London has always been blessed with an entrepreneurial spirit. Like New York, its fund management centre is dynamic and diverse. With the Alternative Investment Fund Managers directive now at Level Two, the worry is that the barriers to entry will become too high, and that, potentially, London’s bristling hedge fund community will have its entrepreneurial spirit squeezed out of it.

Granted, the year is now 2012, which according to the Mayan civilisation means the end of the world is nigh, but let’s not get too apocalyptic. London is still, by a country mile, Europe’s leading hedge fund centre. One report estimates that London is home to around 70% of European hedge funds’ assets (USD423billion), equivalent to some 700 hedge funds, and enjoys a 19% share of total industry AUM (which at its latest count was USD2.01trillion according to Hedge Fund Research). Some of these are massive funds in terms of assets under management. According to another recent industry survey of ‘billion plus’ funds, London was home to 63 such hedge funds – each with assets under management of USD1billion or more – in 2011, up from 56 the previous year.

However, as regulation becomes more burdensome some managers are actively considering more attractive jurisdictions such as Singapore, Jersey, Guernsey and Switzerland, where managers can enjoy significant tax savings. For example in Singapore the top tax rate is 20% and corporate income tax is a respectable 17%. Factor in the UK FSA’s remuneration code, the UK government’s tax hike to 50% on high earners and expensive real estate costs and you start to wonder quite what London might look like in five years’ time.

However, corporate migration is not for everyone. “We’ve seen some people going to Switzerland but there certainly hasn’t been an emptying of the Mayfair mansions.
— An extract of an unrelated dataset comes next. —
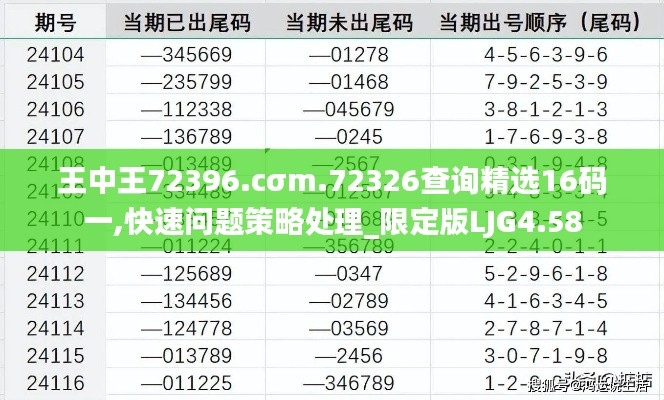 关于我们 第312页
The taxes over there have gone up too so I think Switzerland is fine if you are one of the partners in one of the larger hedge funds but for a lot of the guys in the mid-salary range, Switzerland is a very expensive place to live,” comments Oliver Godwin, a partner based in law firm Ogier’s London office.
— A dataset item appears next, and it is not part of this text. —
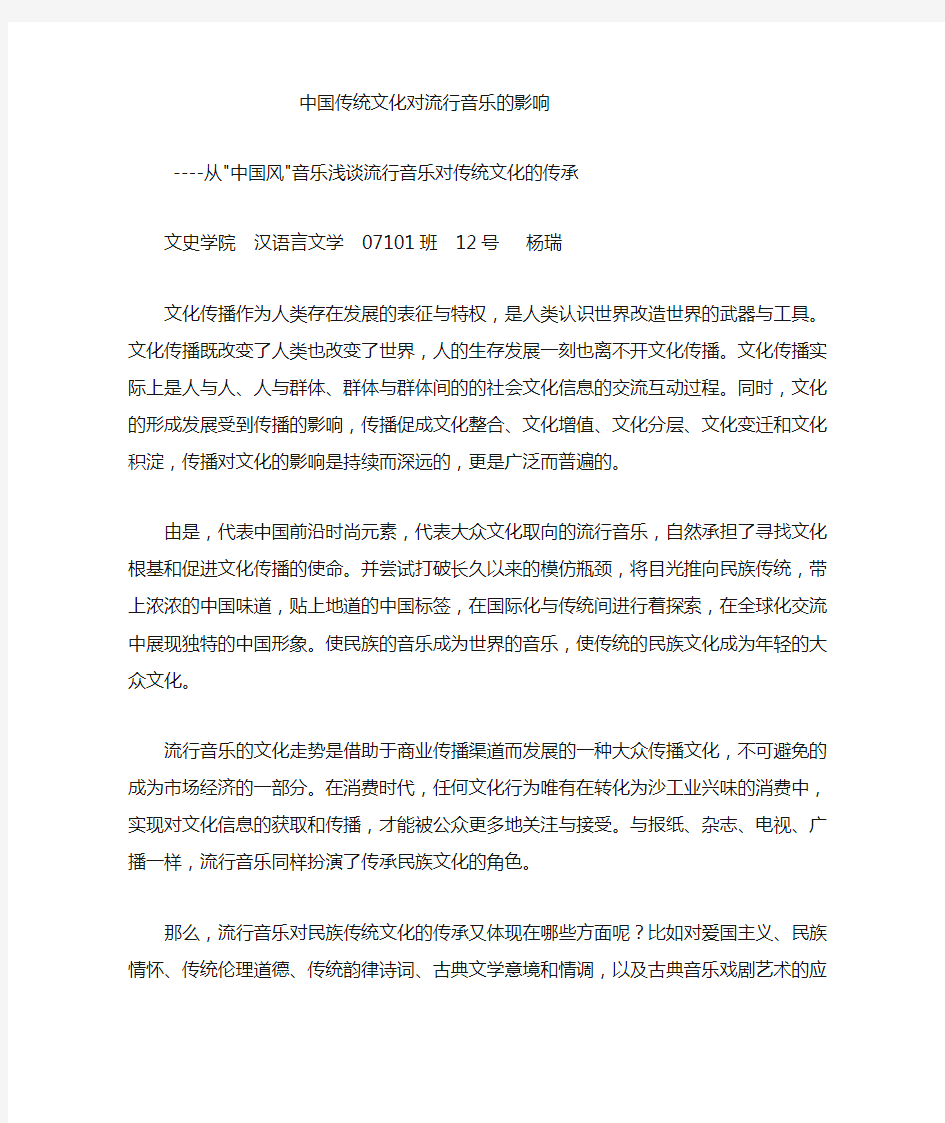 中国风音乐对传统文化的继承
He points out that managers relocating to places like Singapore is less of a negative reflection on London, and more a positive reflection on the rise in importance of the Far East. “Singapore has risen in popularity on a relative basis,” adds Godwin.

The key point here is that for managers who have trading exposure to Asia, and possibly key Asian investors, making that jump and relocating outside of Europe is logical. It’s the opportunity that Asia presents as opposed to any fundamental dissatisfaction with London.

As Richard Frase (pictured), a partner at Dechert LLP, London, reflects: “Asset managers generally speaking don’t queue up to live on rocks in the middle of the Atlantic so there remains a fundamental attraction to being in London. There has been some movement to Switzerland, for example, but not to any noticeable extent. If that does happen it’ll be a gradual process.”

That’s not to say that Europe is the only market introducing lots of regulation. It’s also tough in the US. Frase comments: “There are various rules coming in which will have a huge impact – the OTC derivatives clearing initiatives are, if anything, slightly more vicious than they are here (in Europe) where they retain an aura of making the market safer whereas there’s some genuine hostility behind the US rules. Europe might not be as attractive as it was but it’s difficult to say that one area is better than another.” 

Without doubt the biggest piece of regulation facing London hedge fund managers is the AIFM directive. Although Godwin believes that managers have had more than enough time to come to terms with what’s going to be in the directive he admits the devil is still in the detail. “We’re just waiting to see what the details say,” says Godwin. 

Certainly, one of the key issues that the London-based Alternative Investment Management Association (AIMA) has concerns with is the issue surrounding depositaries: specifically the liability burden on depositaries, which AIMA estimates could end up costing the industry USD6billion annually.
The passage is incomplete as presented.